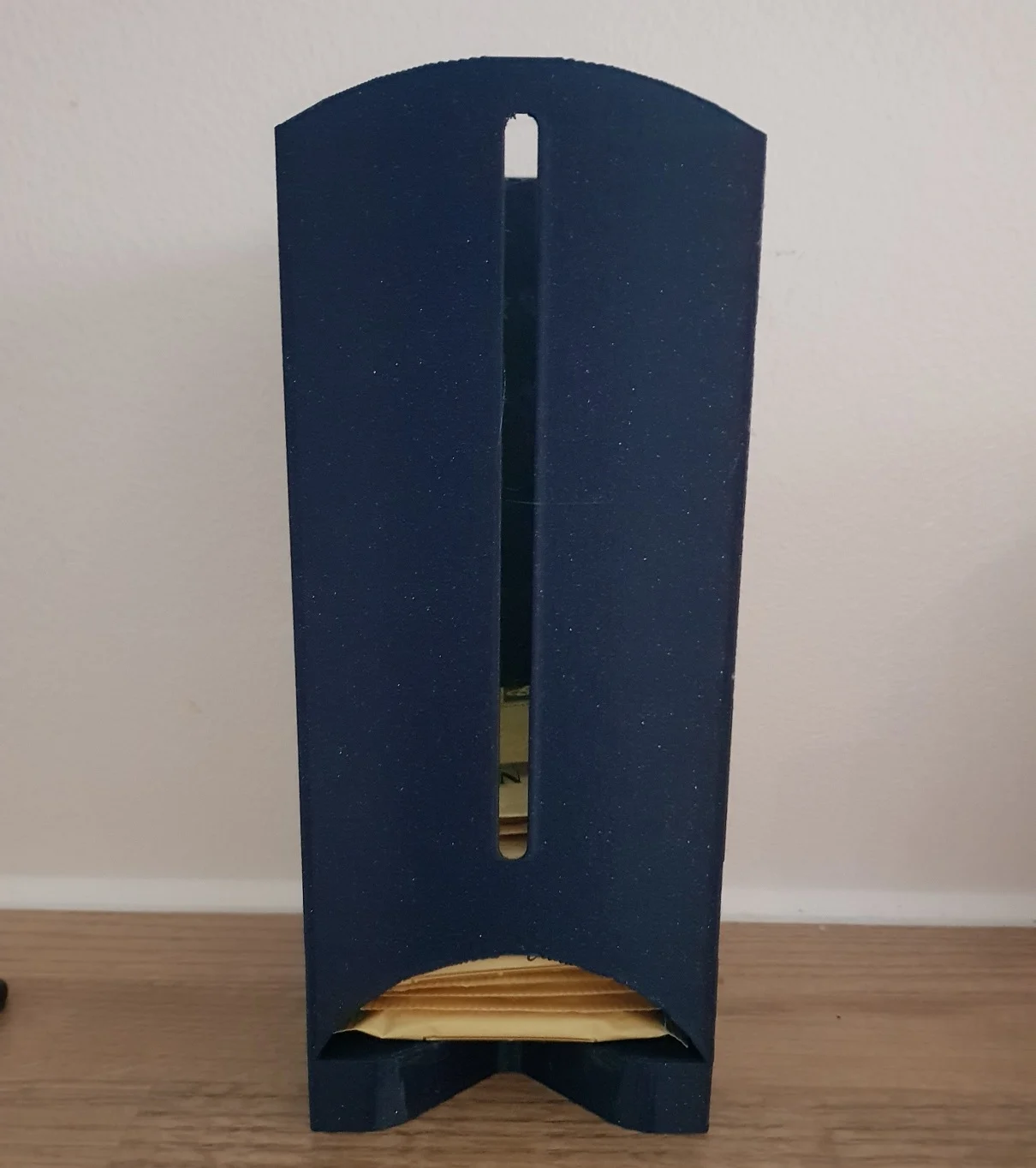 Tea dispencer thumbhole hang or stand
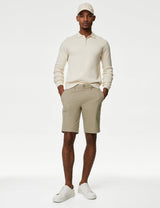 Pantalón chino corto superligero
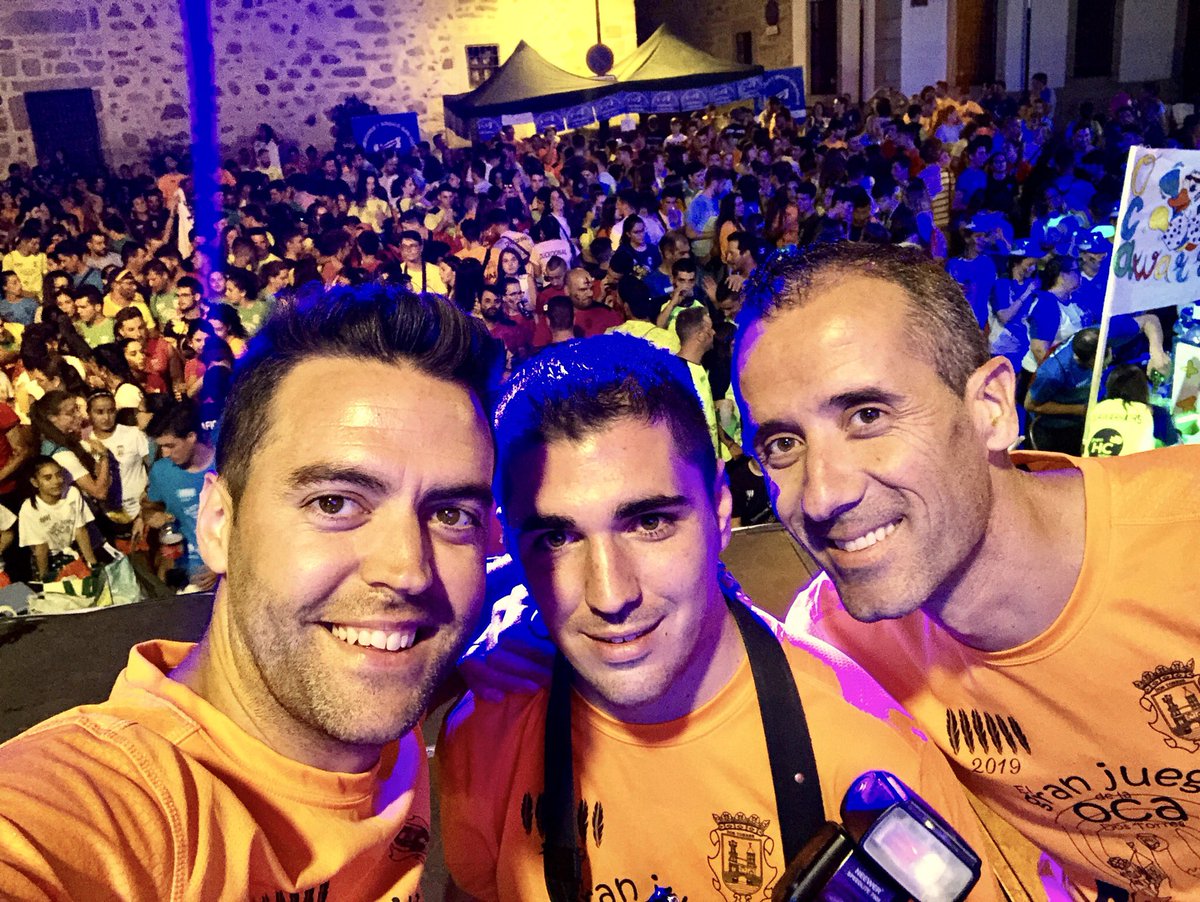 ¡Qué bien lo hemos vuelto a pasar! 😀 Una vez más, ha sido un auténtico placer cubrir este fantástico evento en Redes junto a nuestro amigo <a href="/antonioj13foto/">Antonio Jesús Dueñas</a>. Mucha parte de culpa la tiene la organización, nos han dado todas las facilidades del mundo. ¡Larga vida al <a href="/JuegoOca/">LaGranOca</a>! 🐣🎲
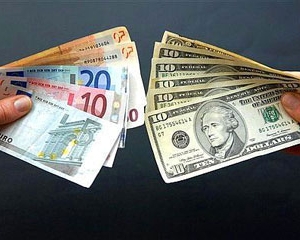 Курс доллара потерял сразу 5 копеек на покупке, евро немного подорожал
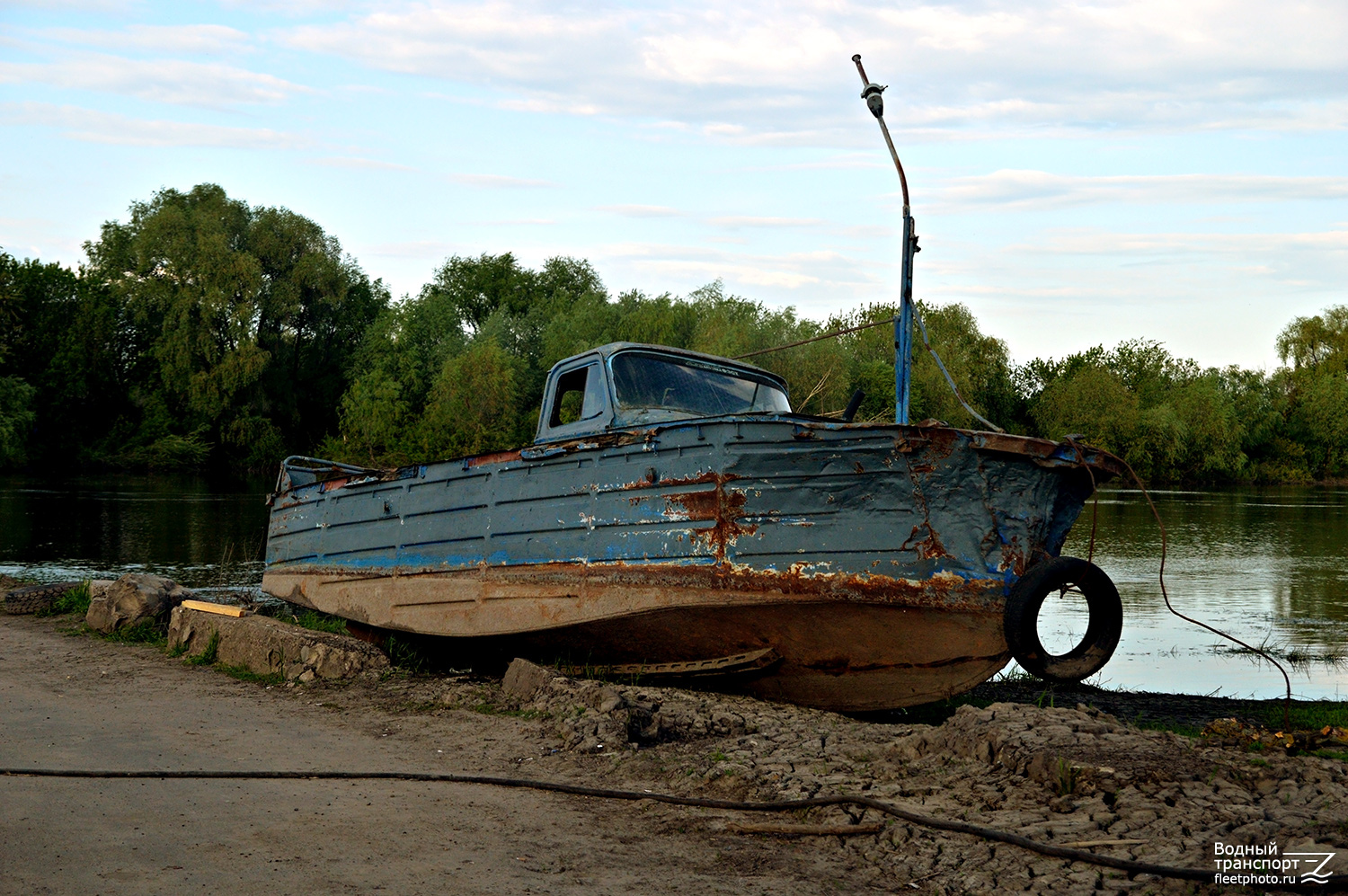 Неопознанное судно - тип БМК-90, БМК-90К, БМК-90М. Unidentified ships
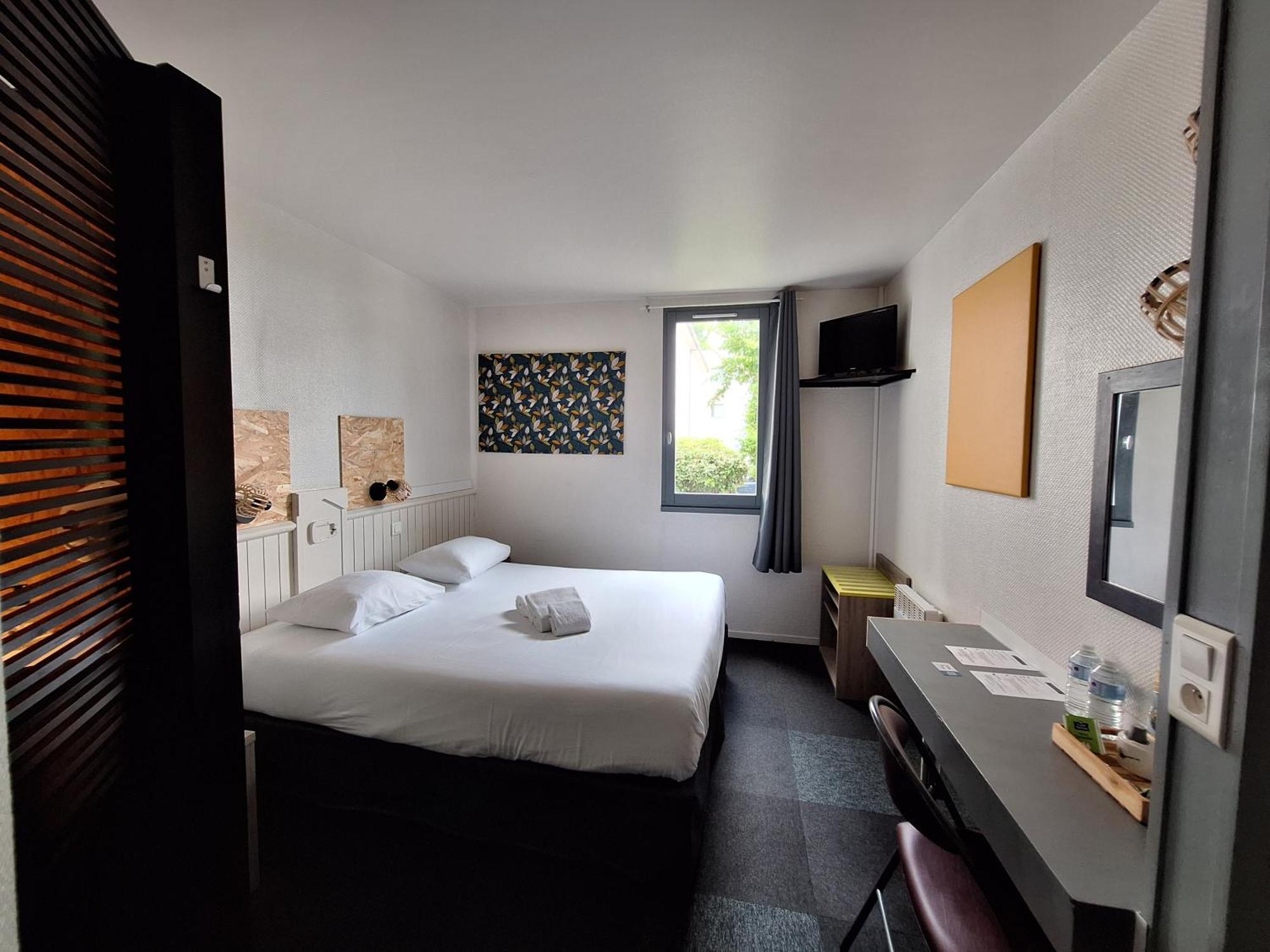 Escale Kennedy Hotel Merignac  Exterior photo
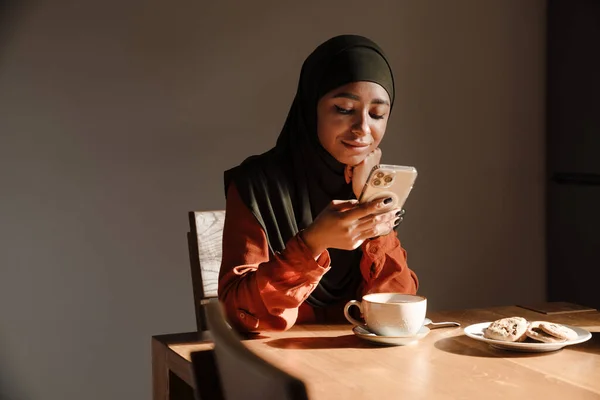 Young Beautiful Calm Woman Hijab Sitting Kitchen Table Cup Tea — Stock Photo, Image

TO DO » Set down the records again verbatim, with no pictures.

REPLY »
 Tea dispencer thumbhole hang or stand
 Pantalón chino corto superligero
 ¡Qué bien lo hemos vuelto a pasar! 😀 Una vez más, ha sido un auténtico placer cubrir este fantástico evento en Redes junto a nuestro amigo <a href="/antonioj13foto/">Antonio Jesús Dueñas</a>. Mucha parte de culpa la tiene la organización, nos han dado todas las facilidades del mundo. ¡Larga vida al <a href="/JuegoOca/">LaGranOca</a>! 🐣🎲
 Курс доллара потерял сразу 5 копеек на покупке, евро немного подорожал
 Неопознанное судно - тип БМК-90, БМК-90К, БМК-90М. Unidentified ships
 Escale Kennedy Hotel Merignac  Exterior photo
 Young Beautiful Calm Woman Hijab Sitting Kitchen Table Cup Tea — Stock Photo, Image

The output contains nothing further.